Jim, Thnx for the reply. I
Jim,
Thnx for the reply. I have searched extensively for this custom policy setup but cannot find one - any idea where I should look for this particular policy ?
best regards,
Theo
Try This
https://kb.altiris.com/display/1/articleDirect/index.asp?aid=38166&r=0.4006006
Altiris KB Article ID: 38166
I ran into the same issue with Office 2003
What are you trying to monitor?
If you are monitoring all of Office, or for that matter if you monitor *.exe, you can still pull the data out of the database by individual application and exe. You don't need a seperate monitor policy for each individual application you want to monitor.
You don't want to monitor
all .exe's. That is the first thing you should turn off or disable. I think you do want to create a policy for each application you monitor (so I disagree), but you should also consider why you are tracking it. For example, is it really necessary to track Word, when all you care is whether or not people are using Microsoft Access? Or are you trying to figure who's using MS Office, when they could be using Open Office?
Jim Harings
HP Enterprise Services
1st Rule of Connect Club: Mark the post that helped you the most as a 'solution'. 2nd Rule of Connect Club:You must talk about Connect club.
Why not?
The problem with App Metering is that the data cannot be collected retroactively.

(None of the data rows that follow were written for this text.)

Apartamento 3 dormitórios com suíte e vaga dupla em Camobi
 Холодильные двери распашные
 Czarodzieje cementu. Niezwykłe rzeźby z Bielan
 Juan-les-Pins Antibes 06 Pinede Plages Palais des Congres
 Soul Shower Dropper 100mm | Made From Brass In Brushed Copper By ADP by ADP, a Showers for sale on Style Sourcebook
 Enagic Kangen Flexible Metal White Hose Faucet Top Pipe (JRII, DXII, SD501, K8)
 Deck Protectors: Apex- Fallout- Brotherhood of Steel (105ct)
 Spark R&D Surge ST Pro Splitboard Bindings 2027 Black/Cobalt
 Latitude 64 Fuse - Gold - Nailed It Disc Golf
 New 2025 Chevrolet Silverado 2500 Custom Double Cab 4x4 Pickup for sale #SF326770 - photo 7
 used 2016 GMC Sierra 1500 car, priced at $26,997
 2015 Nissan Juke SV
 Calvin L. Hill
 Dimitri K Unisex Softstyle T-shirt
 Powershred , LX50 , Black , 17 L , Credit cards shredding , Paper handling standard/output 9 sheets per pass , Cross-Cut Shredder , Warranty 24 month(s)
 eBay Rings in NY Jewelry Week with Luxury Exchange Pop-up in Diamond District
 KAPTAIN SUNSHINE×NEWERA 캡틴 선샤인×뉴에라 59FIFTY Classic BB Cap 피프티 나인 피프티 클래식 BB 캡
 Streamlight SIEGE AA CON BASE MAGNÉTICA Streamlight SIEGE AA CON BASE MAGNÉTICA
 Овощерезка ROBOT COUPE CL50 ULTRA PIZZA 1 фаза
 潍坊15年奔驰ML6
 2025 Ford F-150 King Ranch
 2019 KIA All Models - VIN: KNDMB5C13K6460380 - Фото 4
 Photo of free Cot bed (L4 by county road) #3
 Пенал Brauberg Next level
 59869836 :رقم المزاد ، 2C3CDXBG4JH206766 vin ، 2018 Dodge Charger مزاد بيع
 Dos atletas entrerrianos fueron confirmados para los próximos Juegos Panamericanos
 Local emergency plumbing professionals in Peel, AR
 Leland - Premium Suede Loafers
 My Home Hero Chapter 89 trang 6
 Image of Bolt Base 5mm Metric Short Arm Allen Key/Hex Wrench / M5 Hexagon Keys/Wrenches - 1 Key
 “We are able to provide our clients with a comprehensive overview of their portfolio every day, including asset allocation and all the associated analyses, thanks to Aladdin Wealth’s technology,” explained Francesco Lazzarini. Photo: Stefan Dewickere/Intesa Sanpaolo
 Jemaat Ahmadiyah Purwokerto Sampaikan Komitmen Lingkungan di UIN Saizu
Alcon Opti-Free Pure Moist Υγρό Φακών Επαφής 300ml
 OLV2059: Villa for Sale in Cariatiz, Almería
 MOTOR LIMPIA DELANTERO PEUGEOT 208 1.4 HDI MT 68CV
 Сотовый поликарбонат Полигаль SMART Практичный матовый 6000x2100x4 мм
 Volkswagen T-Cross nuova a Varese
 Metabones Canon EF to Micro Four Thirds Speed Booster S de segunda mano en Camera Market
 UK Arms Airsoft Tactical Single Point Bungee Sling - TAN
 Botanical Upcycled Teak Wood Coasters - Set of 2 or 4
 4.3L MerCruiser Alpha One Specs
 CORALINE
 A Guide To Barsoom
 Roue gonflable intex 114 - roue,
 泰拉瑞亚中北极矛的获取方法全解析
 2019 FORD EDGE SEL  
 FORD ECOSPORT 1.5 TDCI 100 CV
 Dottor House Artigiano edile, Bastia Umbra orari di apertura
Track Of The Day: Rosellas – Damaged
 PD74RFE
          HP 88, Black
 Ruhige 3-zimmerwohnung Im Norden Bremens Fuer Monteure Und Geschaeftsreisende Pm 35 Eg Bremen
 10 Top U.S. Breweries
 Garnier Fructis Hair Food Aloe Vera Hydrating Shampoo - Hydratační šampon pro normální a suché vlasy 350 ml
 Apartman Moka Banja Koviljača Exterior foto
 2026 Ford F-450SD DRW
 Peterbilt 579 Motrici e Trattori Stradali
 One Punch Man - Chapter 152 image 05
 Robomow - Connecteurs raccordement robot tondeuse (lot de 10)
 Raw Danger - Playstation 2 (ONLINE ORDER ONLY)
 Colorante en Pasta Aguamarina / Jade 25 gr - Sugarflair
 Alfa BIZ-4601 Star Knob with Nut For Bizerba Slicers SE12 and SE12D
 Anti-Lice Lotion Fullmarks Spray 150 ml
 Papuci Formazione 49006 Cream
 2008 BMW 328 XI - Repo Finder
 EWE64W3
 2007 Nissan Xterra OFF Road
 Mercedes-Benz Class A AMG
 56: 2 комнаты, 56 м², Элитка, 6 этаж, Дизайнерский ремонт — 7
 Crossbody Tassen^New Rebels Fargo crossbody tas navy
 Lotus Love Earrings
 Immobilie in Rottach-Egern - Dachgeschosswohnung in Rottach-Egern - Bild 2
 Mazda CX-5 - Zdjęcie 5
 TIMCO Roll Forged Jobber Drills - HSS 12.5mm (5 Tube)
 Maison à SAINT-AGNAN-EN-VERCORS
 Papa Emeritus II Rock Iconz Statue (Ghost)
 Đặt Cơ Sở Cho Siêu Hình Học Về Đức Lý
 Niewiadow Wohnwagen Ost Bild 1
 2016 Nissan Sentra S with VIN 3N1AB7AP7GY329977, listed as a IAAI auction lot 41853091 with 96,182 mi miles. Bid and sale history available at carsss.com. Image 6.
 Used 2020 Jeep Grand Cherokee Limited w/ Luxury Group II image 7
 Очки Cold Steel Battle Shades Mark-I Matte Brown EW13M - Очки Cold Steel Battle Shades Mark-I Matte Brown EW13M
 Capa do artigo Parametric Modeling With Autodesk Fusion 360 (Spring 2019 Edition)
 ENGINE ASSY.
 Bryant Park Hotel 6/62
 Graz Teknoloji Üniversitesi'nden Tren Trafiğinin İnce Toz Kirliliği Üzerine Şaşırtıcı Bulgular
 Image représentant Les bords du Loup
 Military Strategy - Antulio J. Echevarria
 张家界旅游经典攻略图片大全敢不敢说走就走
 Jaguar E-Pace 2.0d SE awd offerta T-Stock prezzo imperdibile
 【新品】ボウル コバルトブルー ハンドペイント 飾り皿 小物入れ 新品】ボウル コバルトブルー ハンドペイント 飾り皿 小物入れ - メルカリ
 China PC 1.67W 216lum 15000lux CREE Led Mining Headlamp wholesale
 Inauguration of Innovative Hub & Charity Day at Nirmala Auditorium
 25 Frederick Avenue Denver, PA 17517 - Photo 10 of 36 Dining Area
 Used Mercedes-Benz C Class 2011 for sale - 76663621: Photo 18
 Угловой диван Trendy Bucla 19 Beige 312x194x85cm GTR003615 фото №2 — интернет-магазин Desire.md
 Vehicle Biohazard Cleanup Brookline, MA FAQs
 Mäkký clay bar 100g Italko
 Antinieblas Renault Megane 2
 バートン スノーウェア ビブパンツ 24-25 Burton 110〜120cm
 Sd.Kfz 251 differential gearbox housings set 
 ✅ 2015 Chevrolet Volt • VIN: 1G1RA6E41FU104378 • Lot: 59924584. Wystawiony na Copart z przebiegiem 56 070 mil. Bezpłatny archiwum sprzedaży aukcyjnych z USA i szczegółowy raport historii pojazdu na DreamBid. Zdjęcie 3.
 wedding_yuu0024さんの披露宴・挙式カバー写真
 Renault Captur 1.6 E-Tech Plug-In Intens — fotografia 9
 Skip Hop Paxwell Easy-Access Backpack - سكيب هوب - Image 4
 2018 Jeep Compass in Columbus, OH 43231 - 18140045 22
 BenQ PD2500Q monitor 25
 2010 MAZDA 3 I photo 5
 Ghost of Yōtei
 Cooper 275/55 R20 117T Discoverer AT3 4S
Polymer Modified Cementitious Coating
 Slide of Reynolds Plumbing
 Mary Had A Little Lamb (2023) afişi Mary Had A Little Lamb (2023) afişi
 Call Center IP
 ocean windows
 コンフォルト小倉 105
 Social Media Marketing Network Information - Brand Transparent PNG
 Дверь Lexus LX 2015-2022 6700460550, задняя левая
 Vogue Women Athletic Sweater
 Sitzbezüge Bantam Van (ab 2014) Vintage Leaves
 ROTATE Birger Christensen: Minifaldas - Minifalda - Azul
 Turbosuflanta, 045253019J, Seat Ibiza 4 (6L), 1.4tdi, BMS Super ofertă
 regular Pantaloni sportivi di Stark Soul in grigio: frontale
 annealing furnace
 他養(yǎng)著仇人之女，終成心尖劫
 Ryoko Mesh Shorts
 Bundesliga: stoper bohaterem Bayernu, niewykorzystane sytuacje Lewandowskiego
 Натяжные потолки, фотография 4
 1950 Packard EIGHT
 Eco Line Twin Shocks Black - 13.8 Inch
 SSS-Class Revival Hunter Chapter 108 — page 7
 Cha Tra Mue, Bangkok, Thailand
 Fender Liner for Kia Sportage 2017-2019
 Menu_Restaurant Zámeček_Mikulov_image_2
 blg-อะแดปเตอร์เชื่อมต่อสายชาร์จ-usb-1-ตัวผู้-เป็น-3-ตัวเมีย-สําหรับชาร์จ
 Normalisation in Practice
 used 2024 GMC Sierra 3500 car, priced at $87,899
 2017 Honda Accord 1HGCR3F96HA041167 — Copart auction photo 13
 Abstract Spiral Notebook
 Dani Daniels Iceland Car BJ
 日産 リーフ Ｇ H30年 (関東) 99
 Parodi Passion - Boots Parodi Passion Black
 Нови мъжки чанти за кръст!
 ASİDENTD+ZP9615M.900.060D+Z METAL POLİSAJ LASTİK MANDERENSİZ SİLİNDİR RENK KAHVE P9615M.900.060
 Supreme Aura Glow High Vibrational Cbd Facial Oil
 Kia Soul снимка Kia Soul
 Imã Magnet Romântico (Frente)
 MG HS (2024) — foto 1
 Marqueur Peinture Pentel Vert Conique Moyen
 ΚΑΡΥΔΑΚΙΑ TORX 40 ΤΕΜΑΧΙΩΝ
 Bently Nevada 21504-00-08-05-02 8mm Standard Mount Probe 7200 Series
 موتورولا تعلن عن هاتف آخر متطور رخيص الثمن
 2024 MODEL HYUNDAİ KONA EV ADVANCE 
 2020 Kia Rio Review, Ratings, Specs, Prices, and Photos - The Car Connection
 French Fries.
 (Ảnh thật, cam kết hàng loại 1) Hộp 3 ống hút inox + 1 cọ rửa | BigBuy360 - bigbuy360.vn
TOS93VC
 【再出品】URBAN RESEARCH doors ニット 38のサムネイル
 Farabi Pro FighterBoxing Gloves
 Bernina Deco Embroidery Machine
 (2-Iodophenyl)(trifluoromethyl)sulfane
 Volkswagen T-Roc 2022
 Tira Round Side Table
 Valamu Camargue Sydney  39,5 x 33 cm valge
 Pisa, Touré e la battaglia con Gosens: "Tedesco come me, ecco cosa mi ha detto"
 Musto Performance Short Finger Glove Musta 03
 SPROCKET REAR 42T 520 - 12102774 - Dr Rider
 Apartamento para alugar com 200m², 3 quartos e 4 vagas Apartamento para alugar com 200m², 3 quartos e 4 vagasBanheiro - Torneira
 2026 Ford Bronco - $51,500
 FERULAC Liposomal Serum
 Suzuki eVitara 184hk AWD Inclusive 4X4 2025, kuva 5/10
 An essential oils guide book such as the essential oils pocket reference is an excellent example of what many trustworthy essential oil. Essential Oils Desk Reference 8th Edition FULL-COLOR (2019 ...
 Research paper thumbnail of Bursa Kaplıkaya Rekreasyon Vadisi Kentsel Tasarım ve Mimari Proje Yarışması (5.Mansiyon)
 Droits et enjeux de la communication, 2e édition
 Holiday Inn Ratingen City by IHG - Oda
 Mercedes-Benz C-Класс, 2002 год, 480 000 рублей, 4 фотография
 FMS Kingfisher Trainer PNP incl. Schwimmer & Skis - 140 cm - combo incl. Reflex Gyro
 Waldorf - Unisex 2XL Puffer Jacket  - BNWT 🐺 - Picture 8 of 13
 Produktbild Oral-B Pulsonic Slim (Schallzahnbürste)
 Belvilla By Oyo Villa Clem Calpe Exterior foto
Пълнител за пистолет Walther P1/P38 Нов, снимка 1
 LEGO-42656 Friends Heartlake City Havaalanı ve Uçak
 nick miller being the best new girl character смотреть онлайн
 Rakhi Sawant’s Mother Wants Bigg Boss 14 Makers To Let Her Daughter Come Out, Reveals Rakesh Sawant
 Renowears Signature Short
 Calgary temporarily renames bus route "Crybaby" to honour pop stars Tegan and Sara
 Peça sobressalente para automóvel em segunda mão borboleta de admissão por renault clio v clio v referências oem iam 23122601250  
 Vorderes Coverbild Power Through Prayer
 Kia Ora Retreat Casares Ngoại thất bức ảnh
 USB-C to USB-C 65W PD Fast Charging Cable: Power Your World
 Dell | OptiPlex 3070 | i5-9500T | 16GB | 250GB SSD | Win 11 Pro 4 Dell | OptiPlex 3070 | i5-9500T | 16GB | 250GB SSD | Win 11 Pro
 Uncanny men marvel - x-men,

I can't count the number of times I've been asked "Can you tell me how many people haven't used application XYZ in the last 6 months?" If you're defining individual app monitors, your answer (presuming nobody's asked before) has to be "I'll tell you in 6 months"
I don't support generating start/stop events for *.exe, but gathering summary data is incredibly valuable, just make sure you have your archive settings set appropriately. But you cannot use data you don't have.
Ahh yes
summary data yes, start\stop data no, that is what I was referring to.
Jim Harings
HP Enterprise Services
1st Rule of Connect Club: Mark the post that helped you the most as a 'solution'. 2nd Rule of Connect Club:You must talk about Connect club.
Then we're in complete agreement!
Good God! Don't ever capture start/stop events for anything you don't have a need for...although it's better now with the batching options, that kind of thing can bring your server to a crawl FAST!